_WORK TASK_. Your answer must be the lines from the one containing "Welcome back to" through the last line below, copied exactly, with no pictures.

Stored data

--- START ---

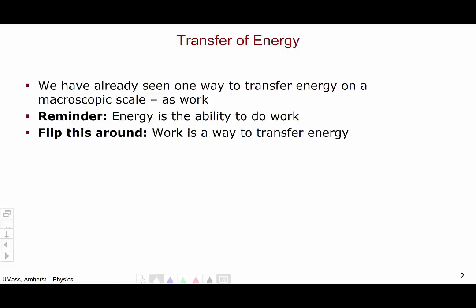It's really just a matter of our perspective. If we're thinking from a force perspective, then we think of energy as the ability to do work. If we're thinking from an energy perspective, then we think of work as a way to transfer energy.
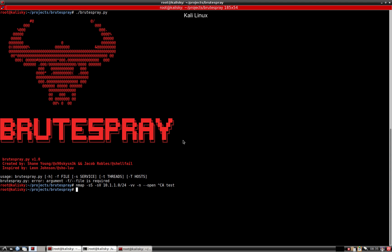Hey guys, I'm just going to be demoing the tool Brute Spray. It automatically brute forces services with default credentials based off of NMAP output.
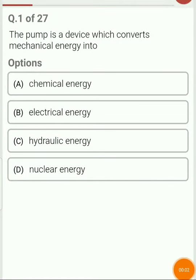Hello students. In this video lecture I am going to cover MCQs related to pump. So let's start with question 1.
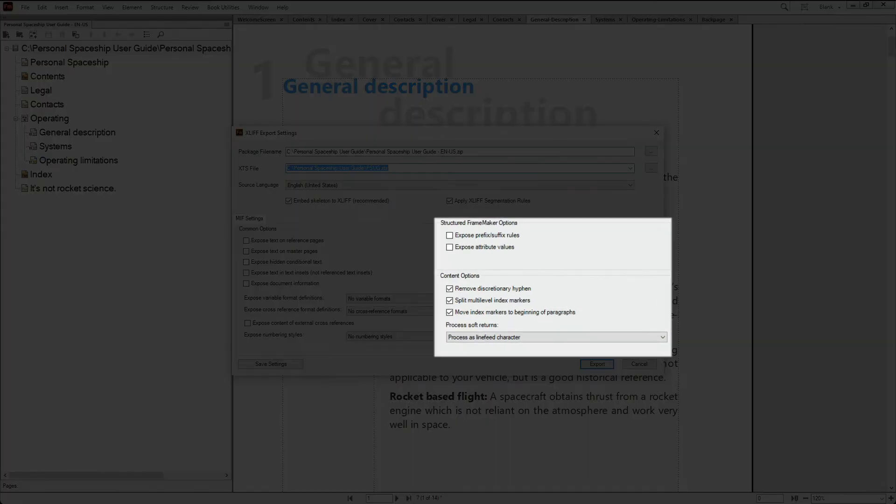If you're working with structured files, here you have some structure-specific options that you can set as needed.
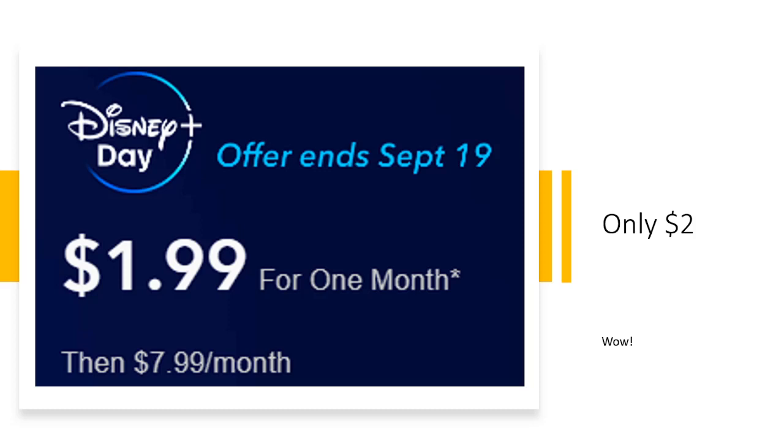Welcome back to another video guys. Today I'm going to show you guys about Disney Plus for only two dollars for one whole month guys. What I'm saying is 30 days for only two dollars. As you guys know, originally Disney Plus is seven dollars a month.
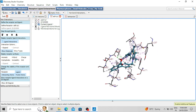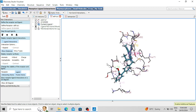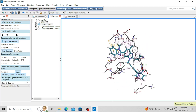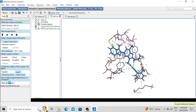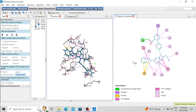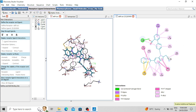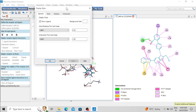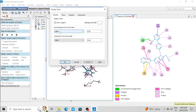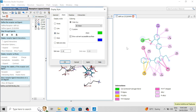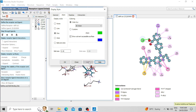One of the best features of BIOVIA Discovery Studio is the 2D diagram. Click here to visualize the 2D diagram — you can see a clear 2D interaction diagram. You can also change the display style of this 2D diagram, including the font and font size, and you can change the ligand display style as well.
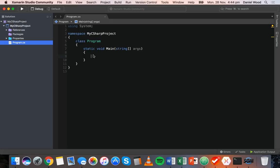Those statements are quite useful for testing conditions, but if you find that you are writing if statements that have a lot of else ifs in them, then you might want to try out switch statements instead, which can be a little bit tidier, a little bit cleaner.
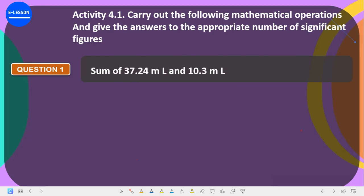Hello guys, let us examine these questions together. This is Activity 4.1 and the question asks that we carry out the following mathematical operations and give the answers to the appropriate numbers of significant figures.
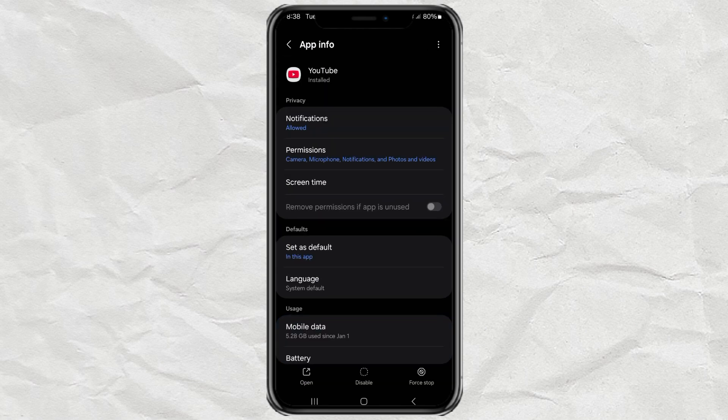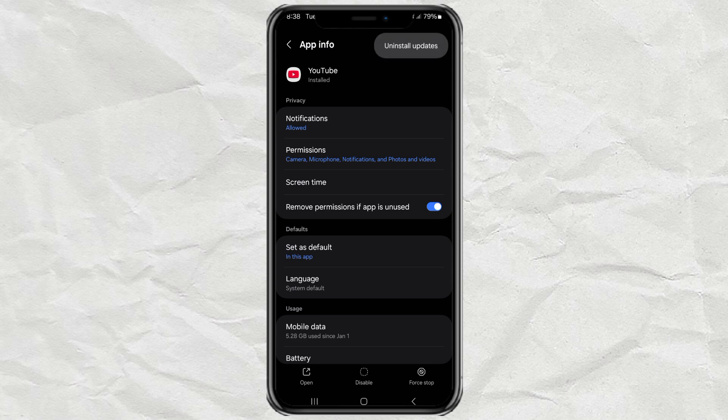Next, tap the three dot button in the upper right corner here. Then tap Uninstall Update.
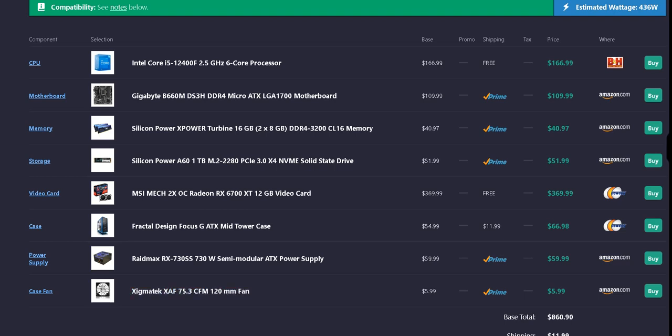And for the case fan, we have the Zygmatec XAF 75.3 CFM 120mm fan. That's just under $6 at $5.99, free shipping from Amazon if you have Prime.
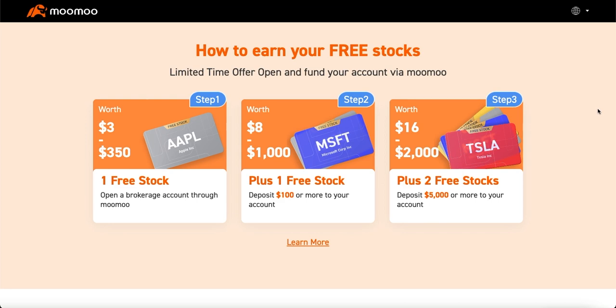It's a free money alert, guys. Link in the description below. Click on that link, make a brokerage account, deposit $100, and get two free stocks.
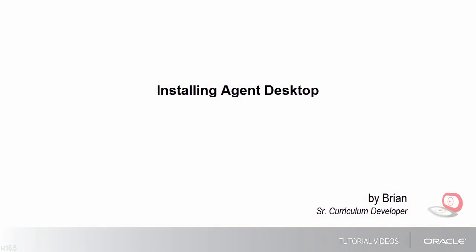Hello, my name is Brian. In this tutorial, I'll show you how to install Agent Desktop.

--- END ---

_RESULT OF THE EXERCISE_.
Welcome back to another video guys. Today I'm going to show you guys about Disney Plus for only two dollars for one whole month guys. What I'm saying is 30 days for only two dollars. As you guys know, originally Disney Plus is seven dollars a month.
One of the best features of BIOVIA Discovery Studio is the 2D diagram. Click here to visualize the 2D diagram — you can see a clear 2D interaction diagram. You can also change the display style of this 2D diagram, including the font and font size, and you can change the ligand display style as well.
Those statements are quite useful for testing conditions, but if you find that you are writing if statements that have a lot of else ifs in them, then you might want to try out switch statements instead, which can be a little bit tidier, a little bit cleaner.
Hello guys, let us examine these questions together. This is Activity 4.1 and the question asks that we carry out the following mathematical operations and give the answers to the appropriate numbers of significant figures.
Next, tap the three dot button in the upper right corner here. Then tap Uninstall Update.
And for the case fan, we have the Zygmatec XAF 75.3 CFM 120mm fan. That's just under $6 at $5.99, free shipping from Amazon if you have Prime.
It's a free money alert, guys. Link in the description below. Click on that link, make a brokerage account, deposit $100, and get two free stocks.
Hello, my name is Brian. In this tutorial, I'll show you how to install Agent Desktop.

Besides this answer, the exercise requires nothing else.